● Your task:
Make an exact copy, without pictures, of the lines below from the one containing "New Zealand Aotearoa" to the last line, both ends included.

(Dataset entries begins)

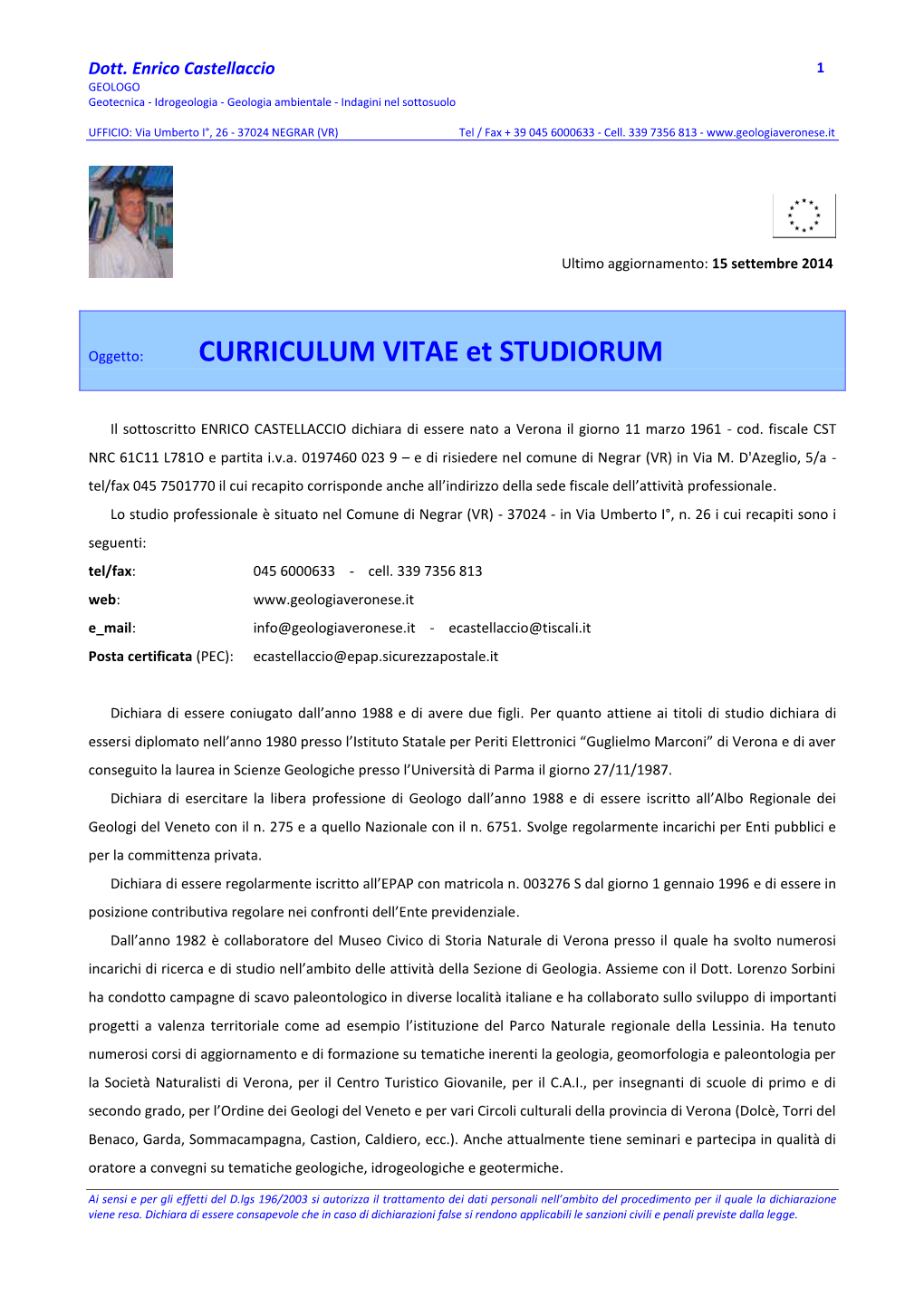 CURRICULUM VITAE Et STUDIORUM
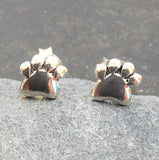 Sterling Silver Dogs Paw Earrings, 6mm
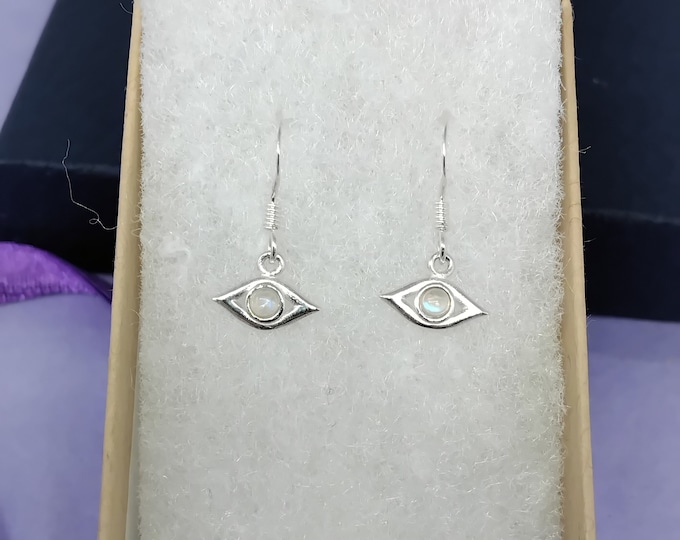 Sterling Silver Evil Eye Earrings with an Rainbow Moonstone Cabochon- Drop-Dangle-Earrings -Handmade-Silver 925 Hooks-Gift Box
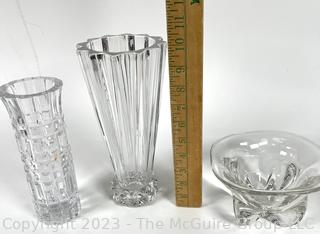 Three (3) Clear Crystal Glass Vases. Tallest is 10"T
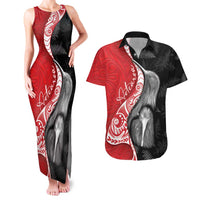 New Zealand Aotearoa Couples Matching Tank Maxi Dress and Hawaiian Shirt Kiwi Fern Maori Pattern Red Version LT05 Red - Polynesian Pride
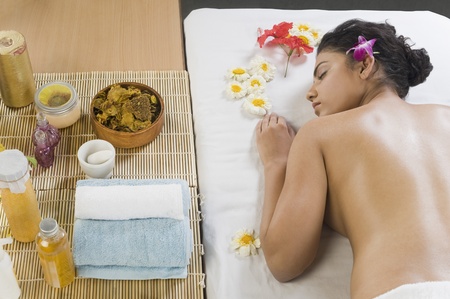 Young woman getting spa treatmentの写真素材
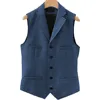 Tweed Herringbone Mens Suit Vest Slim Fit Notch Lapel With 4 Pockets Groomsmen Wedding Waistcoat For Wedding 2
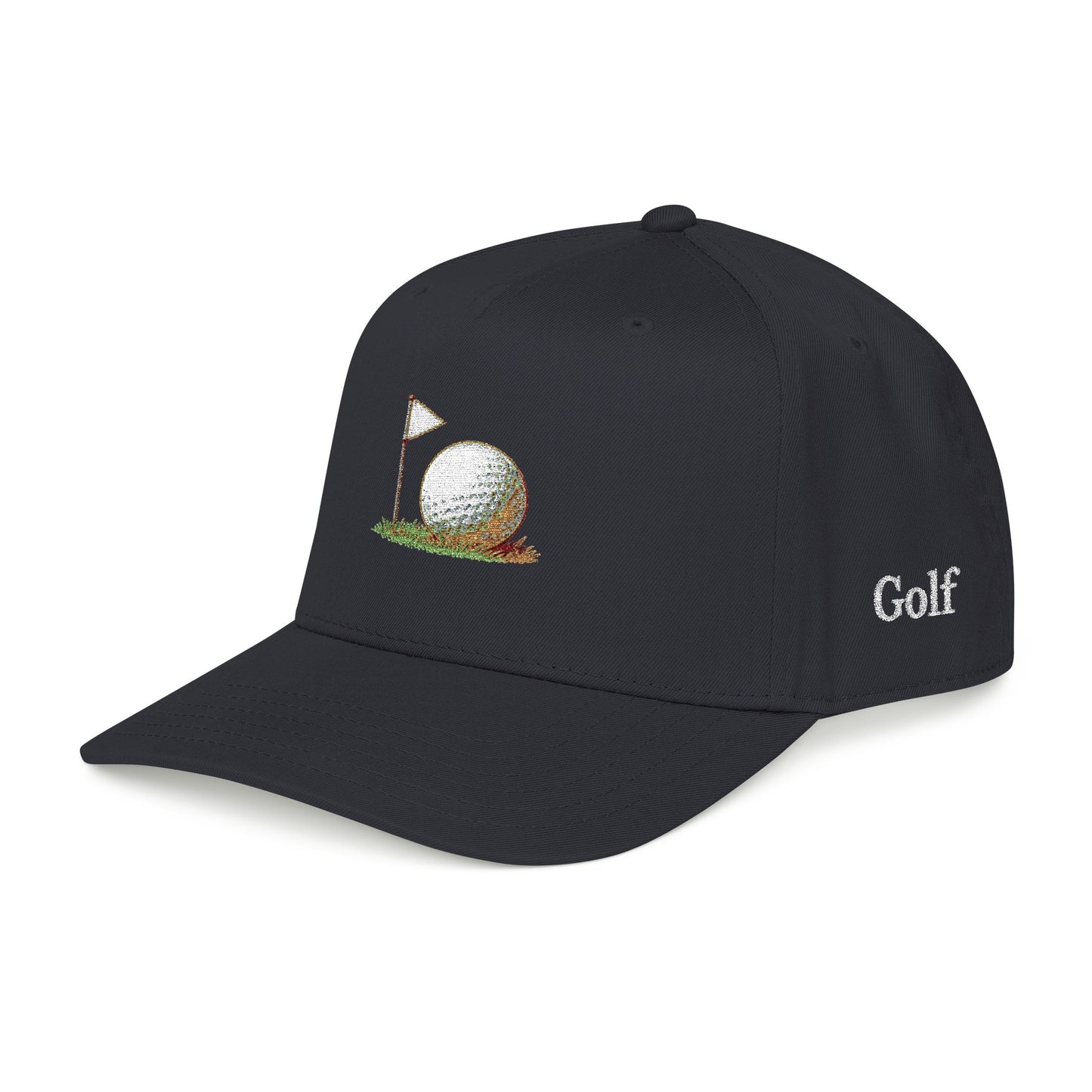 Vintage Golf Mid Profile Baseball Cap – Embroidered Golf Ball Flag Hat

(Dataset entries ends)

● Response area:
 New Zealand Aotearoa Couples Matching Tank Maxi Dress and Hawaiian Shirt Kiwi Fern Maori Pattern Red Version LT05 Red - Polynesian Pride
 Young woman getting spa treatmentの写真素材
 Tweed Herringbone Mens Suit Vest Slim Fit Notch Lapel With 4 Pockets Groomsmen Wedding Waistcoat For Wedding 2
 Vintage Golf Mid Profile Baseball Cap – Embroidered Golf Ball Flag Hat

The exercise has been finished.